Technical Abstract: Cantaloupe melon has never been associated with outbreaks of listeriosis due to contamination with Listeria monocytogenes suggesting that the naturally occurring microflora of cantaloupe surfaces may be antagonistic to pathogen attachment, growth or survival. To test this hypothesis whole melons were treated with water, ethanol (70%) or chlorine (200 ppm) to reduce the native microflora on the melon surfaces. Treated or untreated melons were immersed in a six strain cocktail of L. monocytogenes (108 CFU/ml) for 10 min and then allowed to dry for 1 h inside a biosafety cabinet followed by storage at 5, 10 and 20oC for 15 days.

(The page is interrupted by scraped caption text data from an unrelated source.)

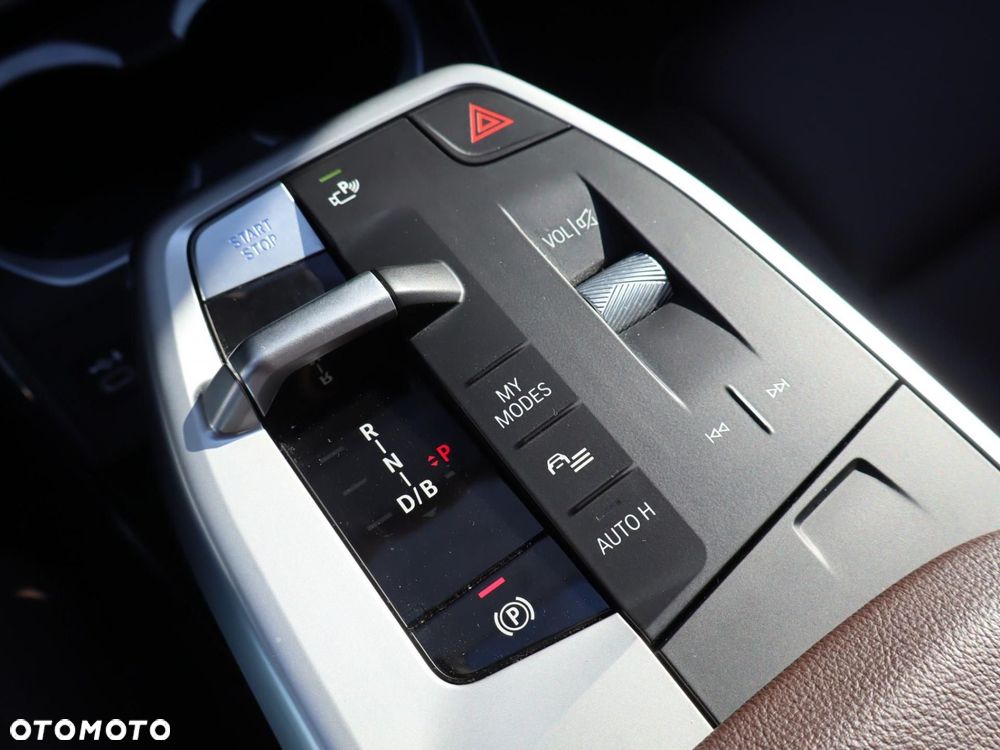 BMW iX1 xDrive30 66.5kWh M Sport - 14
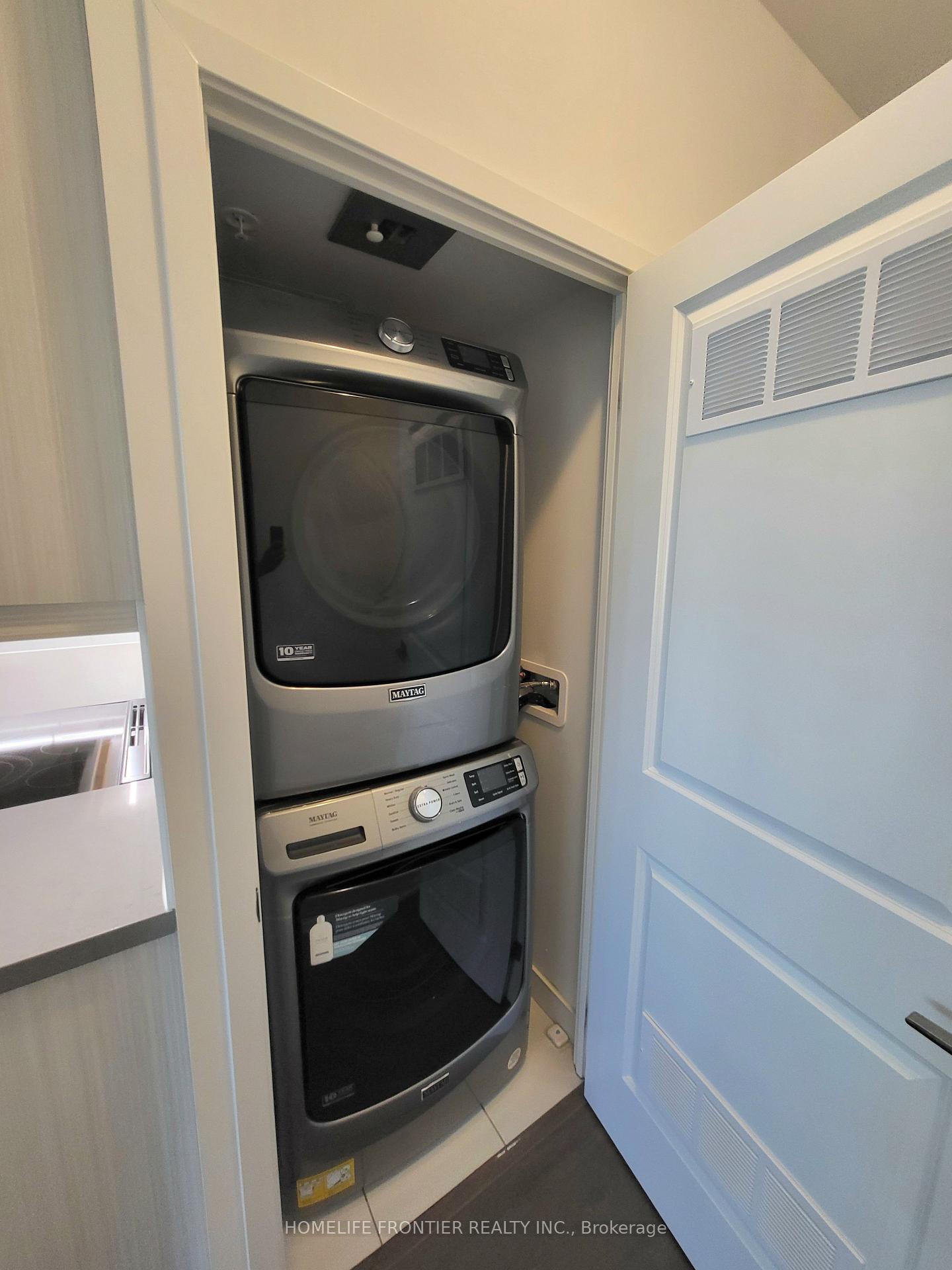 Photo 8 of Unit 903, 75 Oneida Crescent, Richmond Hill, Langstaff — HOMEH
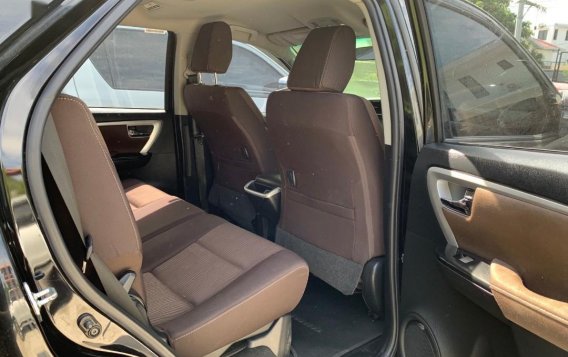 Selling Black Toyota Fortuner 2019 in Quezon -2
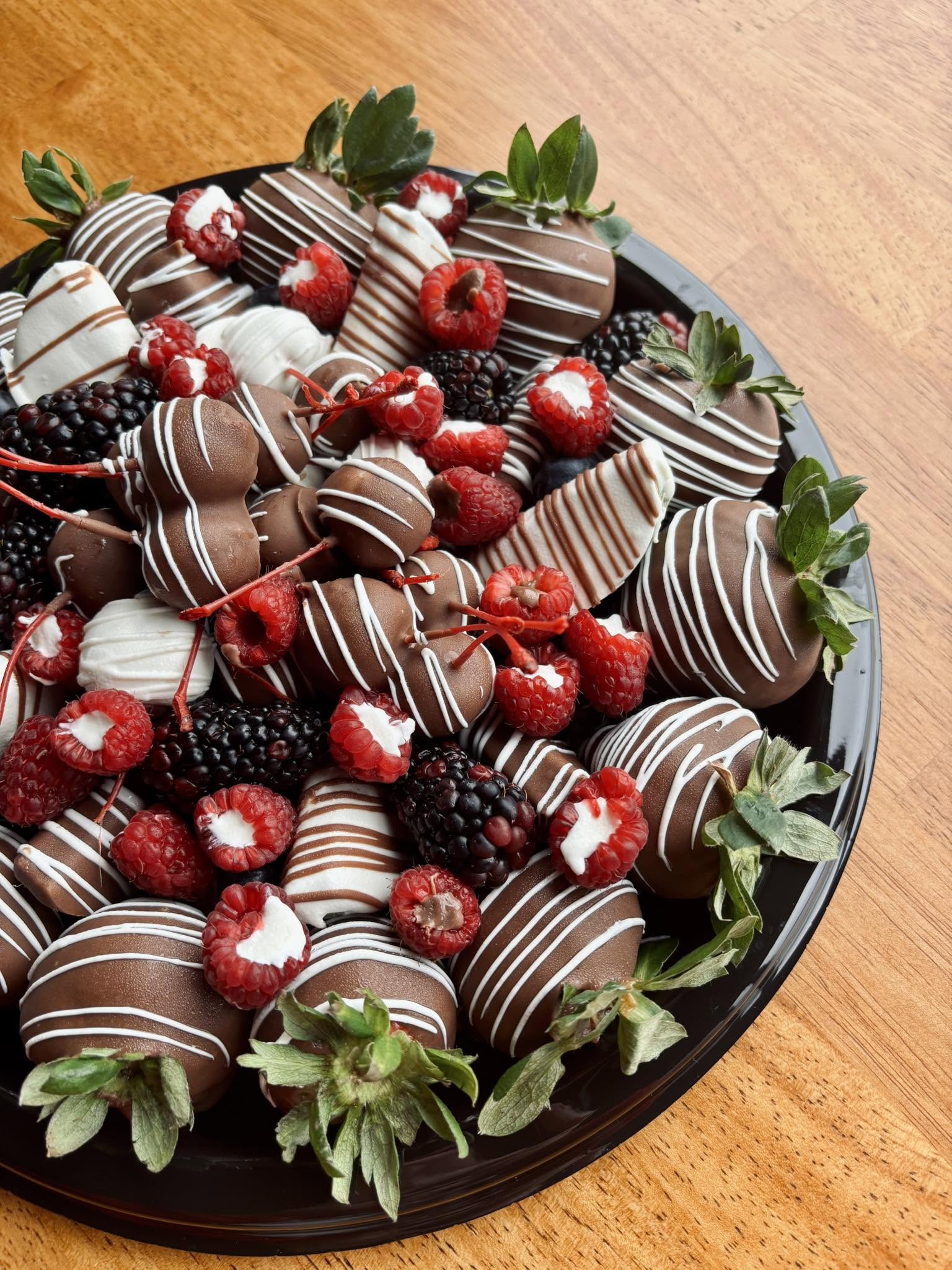 ULTIMATE DESSERT PLATTER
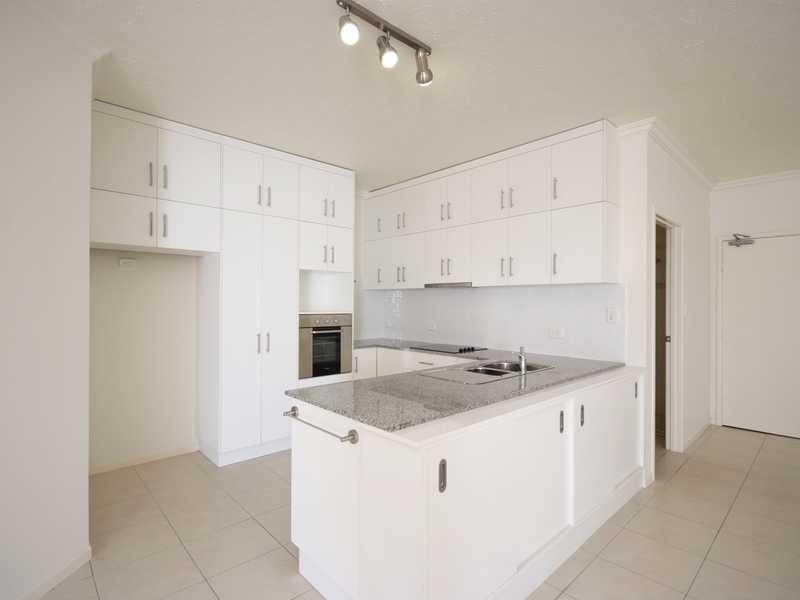 9 / 15-17 Minnie Street, Cairns QLD 4870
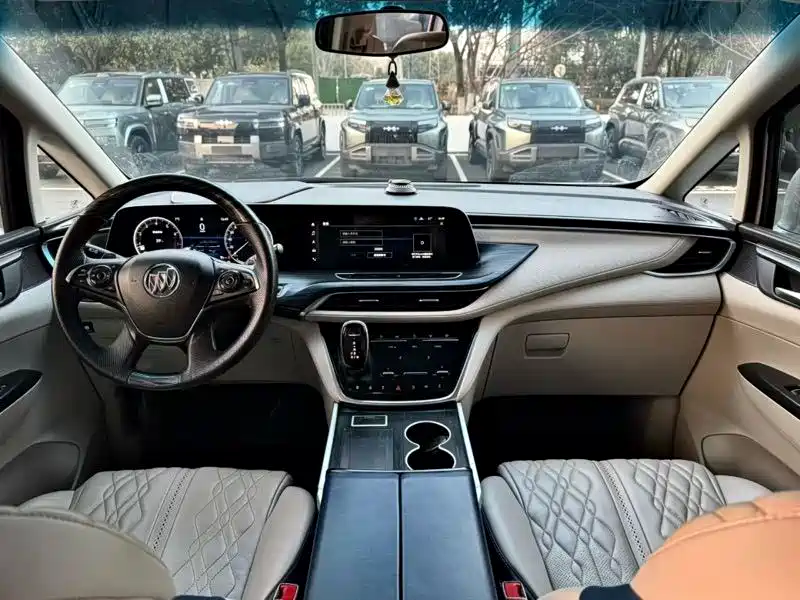 Buick GL8 2021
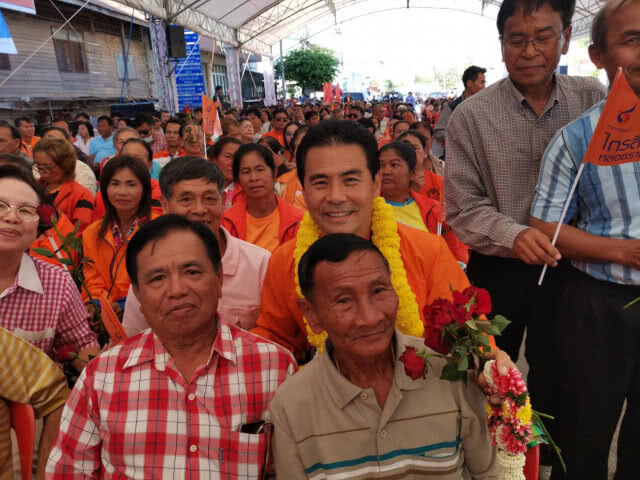 เคลื่อนไหว ชพน. ลงพื้นที่อำเภอปักธงชัย ปชช. ต้อนรับนับพันคน
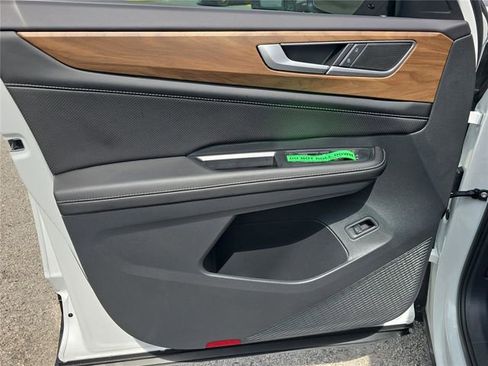 New 2026 Volkswagen Atlas SE FWD image 14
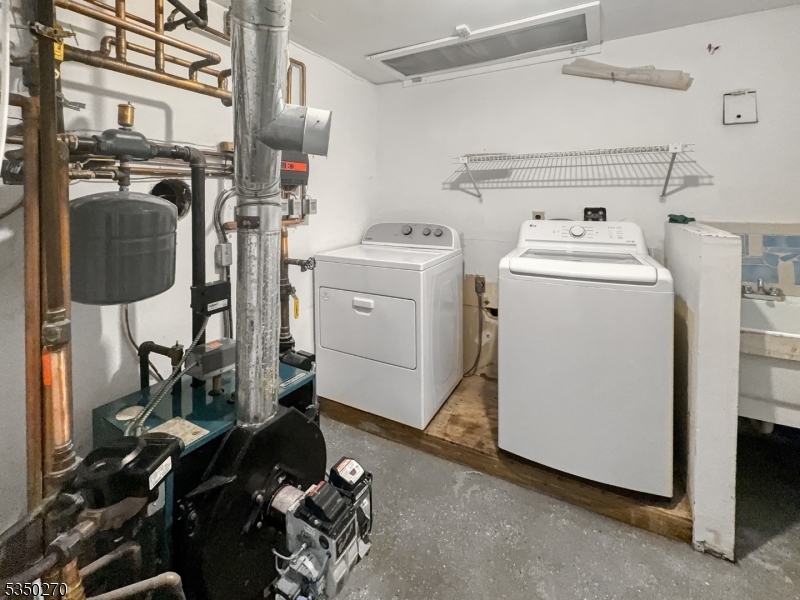 CEDAR RDG HOMES - Residential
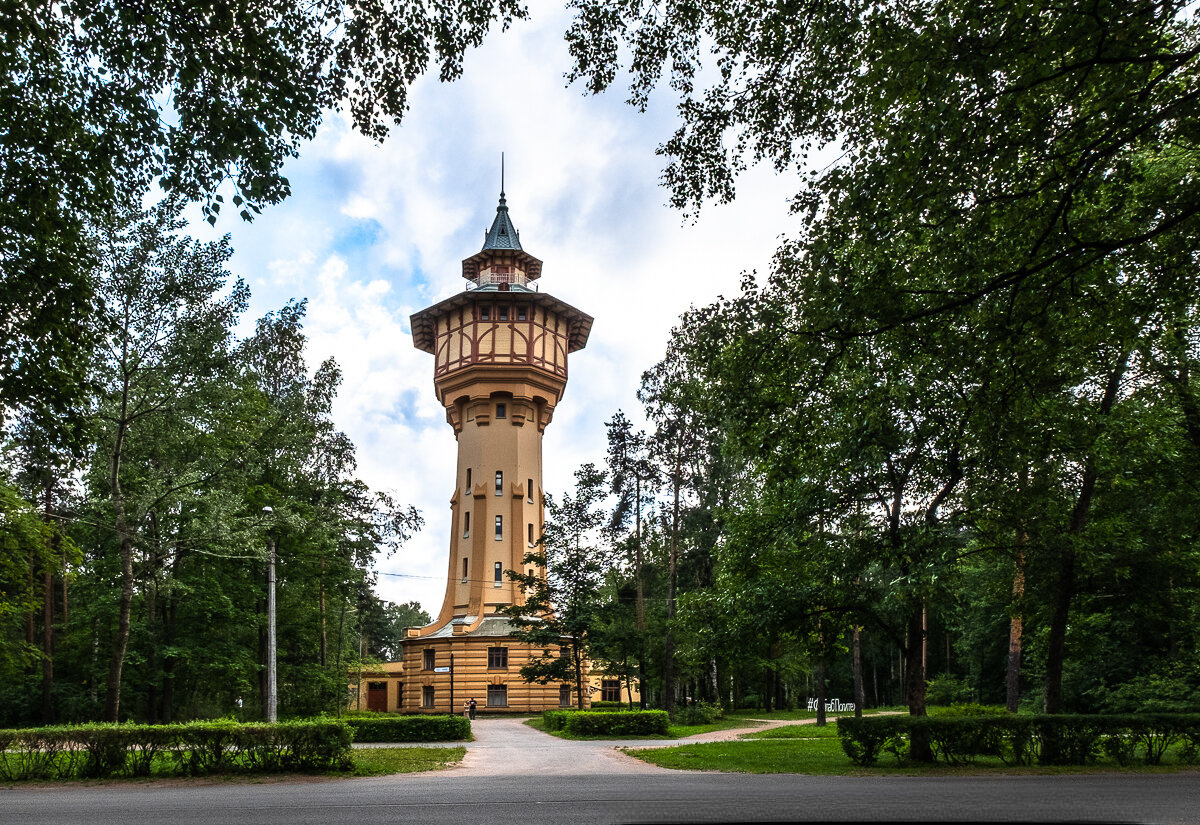 водонапорная башня в парке Политехнического университета
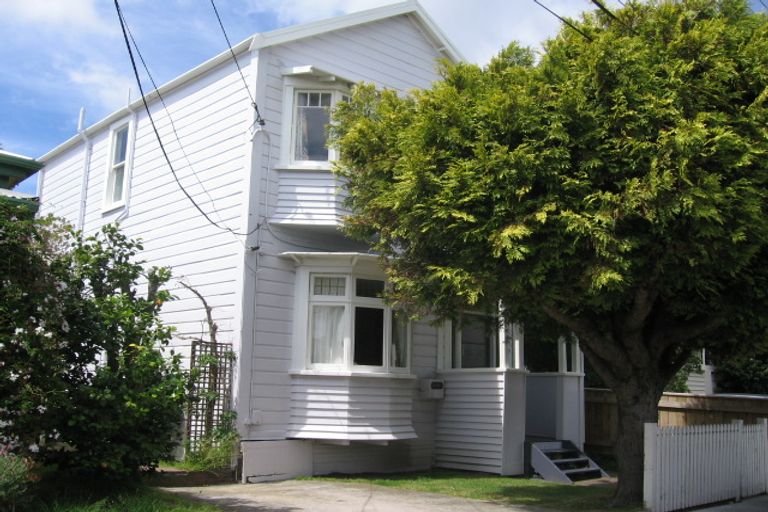 Photo of property in 8 Moir Street, Mount Victoria, Wellington, 6011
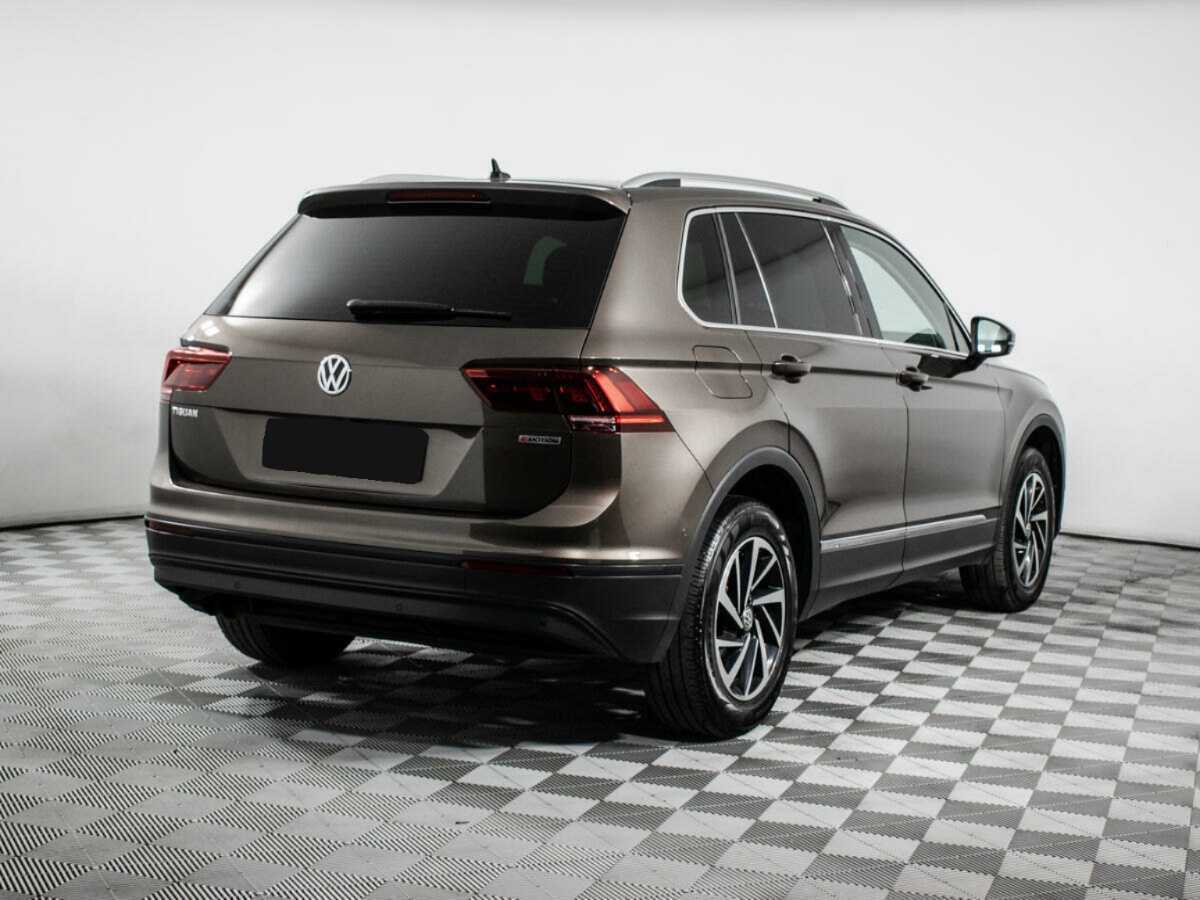 Купить Volkswagen Tiguan с пробегом. Фото: #4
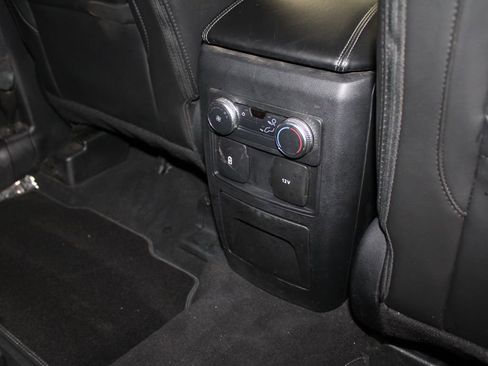 Used 2022 Ford Explorer XLT w/ Equipment Group 202A image 36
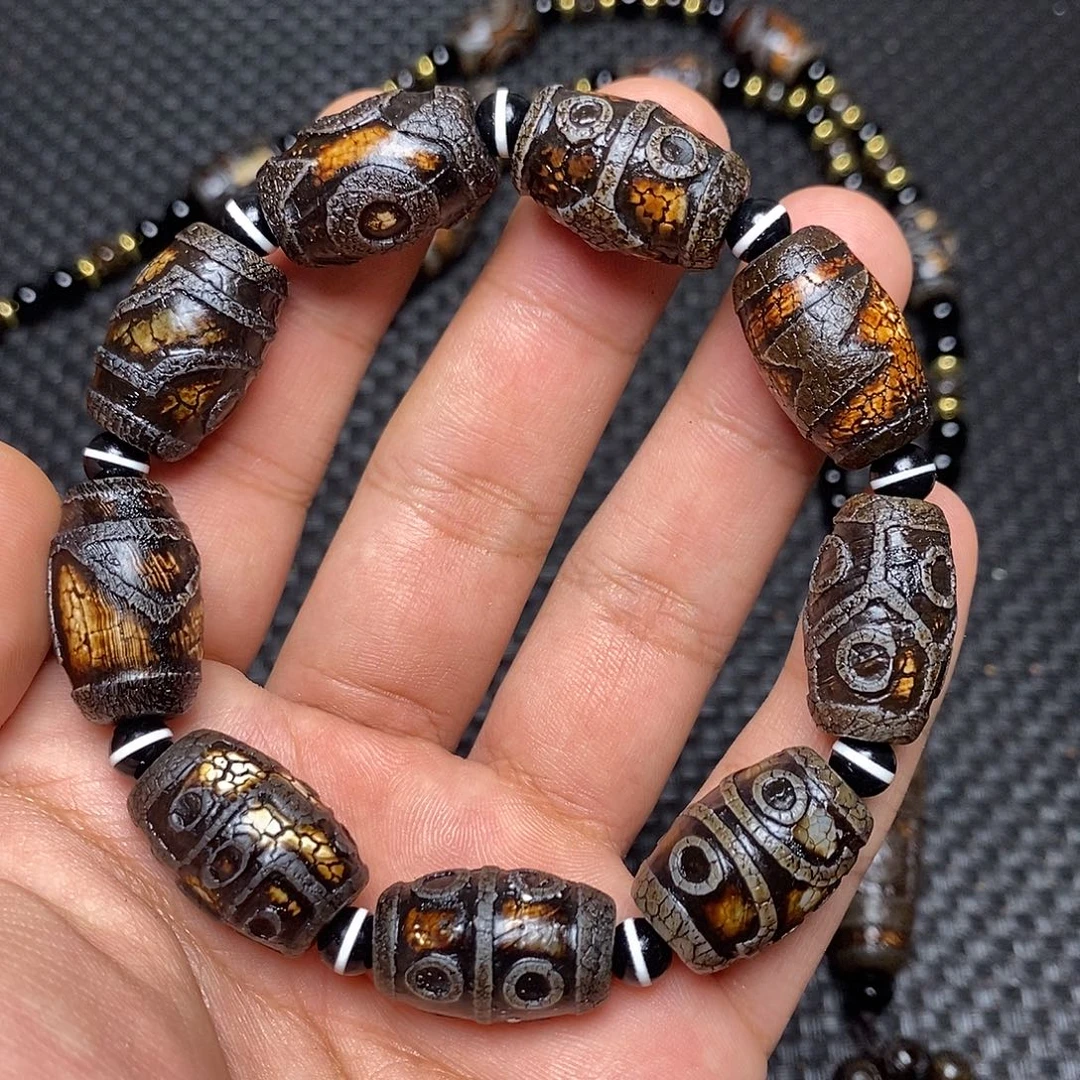 周***勇玛瑙/玉髓未镶嵌手链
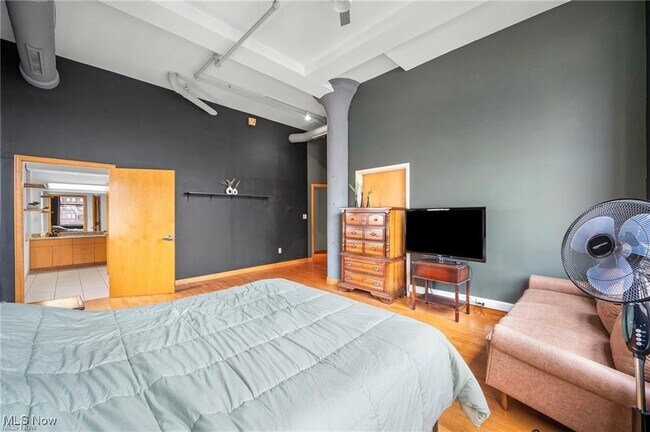 Photo - 2077 E 4th St Unit 8E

Fresh-cut pieces prepared from the treated or untreated melons and directly inoculated with L. monocytogenes (3.48 log CFU/g) were stored under the same conditions listed above. Populations of L. monocytogenes and five classes of native microflora were investigated. Growth of L. monocytogenes in sterile or non-sterile rind and fresh-cut homogenates was also studied. The population of L. monocytogenes recovered from inoculated (103 to 108 CFU/ml) whole melons given no disinfection treatment or washed with water was significantly less (p<0.05) than that recovered from melons treated with chlorine or EtOH. In general, populations of L. monocytogenes declined on the surface of treated and untreated whole melons and on fresh-cut pieces over the 15 days storage period at the temperatures tested. However, the decline in pathogen populations was less rapid in the presence of reduced populations of native microflora. Higher populations of L. monocytogenes were attained in sterile tissue homogenates than in non-sterile homogenates. Addition of yeast and mold to sterile rind homogenates was highly inhibitory to growth and survival of the pathogen. The results of this study indicate that native microflora of whole cantaloupe inhibited attachment to rind surfaces as well as survival and growth of L. monocytogenes on cantaloupe surfaces and homogenized fresh-cut pieces. Thus, L. monocytogenes recontamination of melons having a reduced level of native microflora following application of a disinfection treatment may be a food safety concern.